Erma siempre llamaba a los negros
«niggers»
[2]
. La casa de los abuelos estaba en la calle Court, en el límite con el barrio negro. La irritaba que empezaran a instalarse en esa parte del pueblo, y siempre decía que por culpa de ellos Welch había entrado en decadencia. Cuando te sentabas en el salón, donde Erma siempre dejaba las persianas bajadas, podías oír a grupos de personas de color que se acercaban al pueblo conversando y riendo.

—Condenados negros —mascullaba Erma—. La razón por la que no he salido de esta casa desde hace quince años es que no quiero ver ni que me vea un maldito negro.

Mamá y papá siempre nos habían prohibido decir
nigger.
Es mucho peor que cualquier taco, nos explicaron. Pero dado que Erma era mi abuela, nunca dije nada cuando la utilizaba.

Erma siguió revolviendo los guisantes.

—Sigue así y la gente va a pensar que te gustan los malditos
niggers
—dijo.

Me dirigió una mirada severa, como si me estuviera impartiendo una lección esencial que debería hacerme reflexionar y debía asimilar. Quitó el tapón de rosca de su botella de licor ilegal y dio un largo trago, meditabunda.

Al verla beber, noté una opresión en el pecho y no pude contenerme.

—Esa palabra no se dice —repuse. El rostro de Erma se descompuso, estupefacto—. Mamá dice que ellos son iguales a nosotros —proseguí—, salvo que tienen una tez diferente.

Erma me lanzó una torva mirada. Creía que iba a abofetearme, pero en cambio dijo:

—Mierdecilla desagradecida. Que me cuelguen si vas a probar mi comida esta noche.
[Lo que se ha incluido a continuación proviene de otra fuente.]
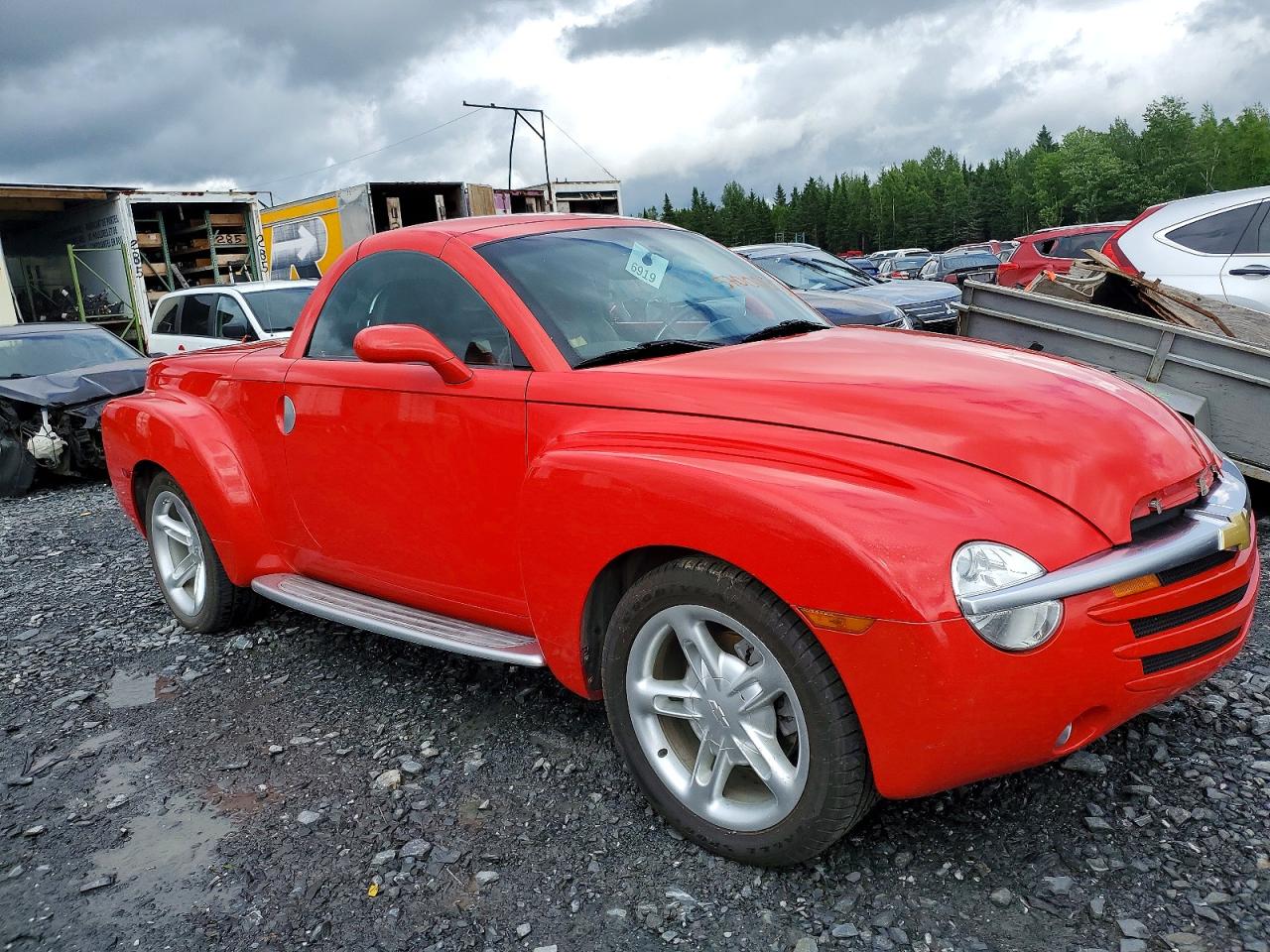 2003 Chevrolet Ssr Красный vin: 1GCES14P63B101792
Mueve tu inútil culo y lárgate al sótano.

• • •

Lori me dio un abrazo cuando se enteró de que había reñido a Erma. Sin embargo, mamá estaba enojada.

—Puede que no compartamos sus opiniones —dijo—, pero tenemos que recordar que mientras seamos sus huéspedes, tenemos que ser corteses.
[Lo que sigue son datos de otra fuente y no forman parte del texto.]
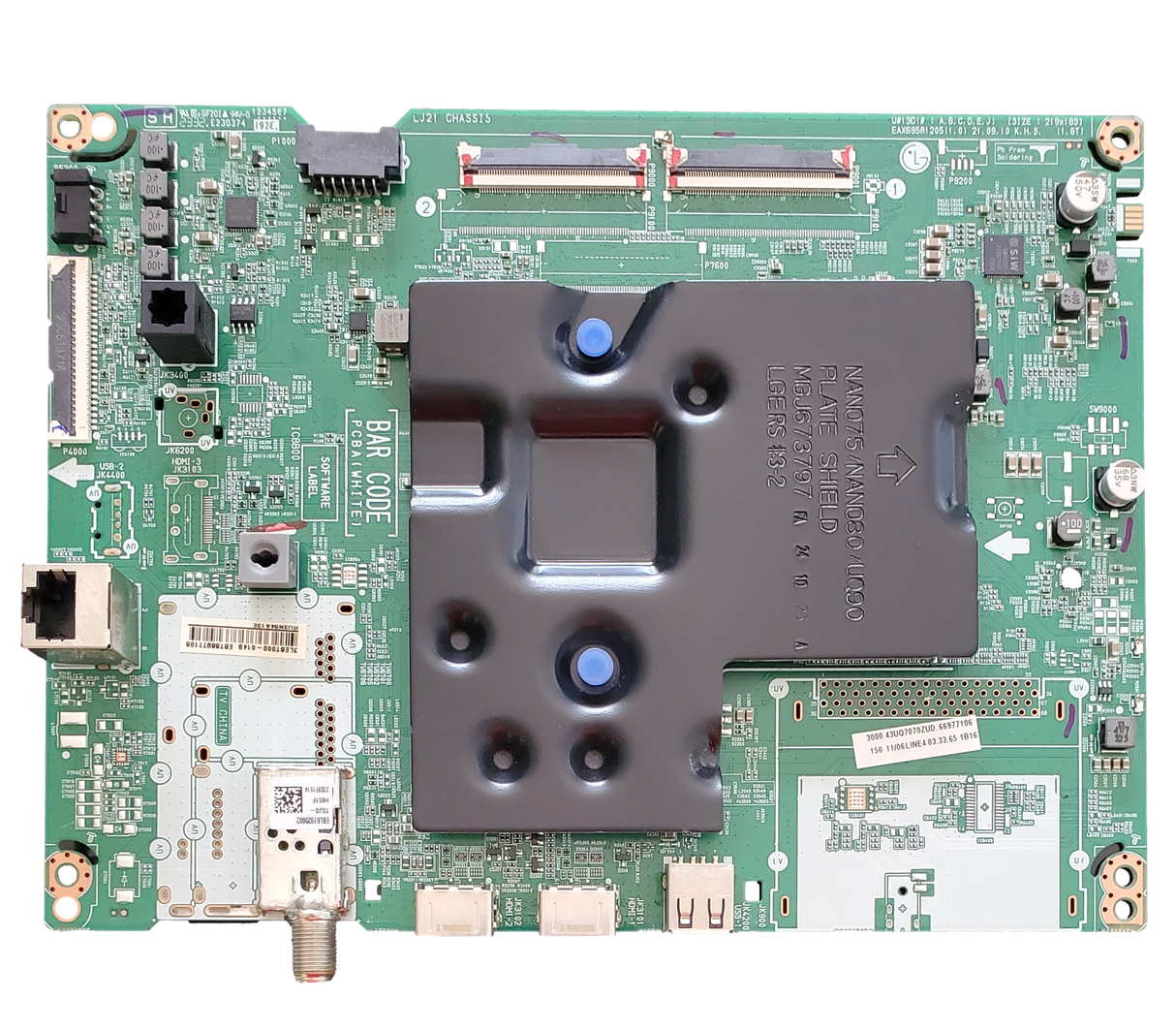 EBT66977106 LG Main Board, EBT66977106, EAX69581205(1.0), 43UQ7070ZUD, 43UQ7070ZUD.BUSFLKR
Aquélla no parecía mamá. Ella y papá eran los primeros en despotricar alegremente contra cualquiera que no les gustara o a quien no respetaran: los ejecutivos de la Standard Oil, J. Edgar Hoover y, especialmente, los esnobs y los racistas. Siempre nos alentaron a ser directos y francos en nuestras opiniones. Ahora teníamos que mordernos la lengua. Pero mamá tenía razón, Erma nos pondría de patitas en la calle. Me di cuenta de que situaciones como éstas transformaban en hipócritas a las personas.

—Odio a Erma —le dije a mamá.

—Tienes que mostrarte compasiva con ella —replicó.

Los padres de Erma murieron cuando era pequeña, me explicó, y tuvo que vivir en casa de un pariente tras otro, que la trataron como una criada. Le hacían restregar la ropa en una tabla de lavar hasta que le sangraban los nudillos. Ése era el principal recuerdo de la infancia de Erma. Todo lo que pudo hacer el abuelo por ella cuando se casaron fue comprarle una lavadora, pero la alegría que ésta le proporcionó hacía ya mucho tiempo que había desaparecido.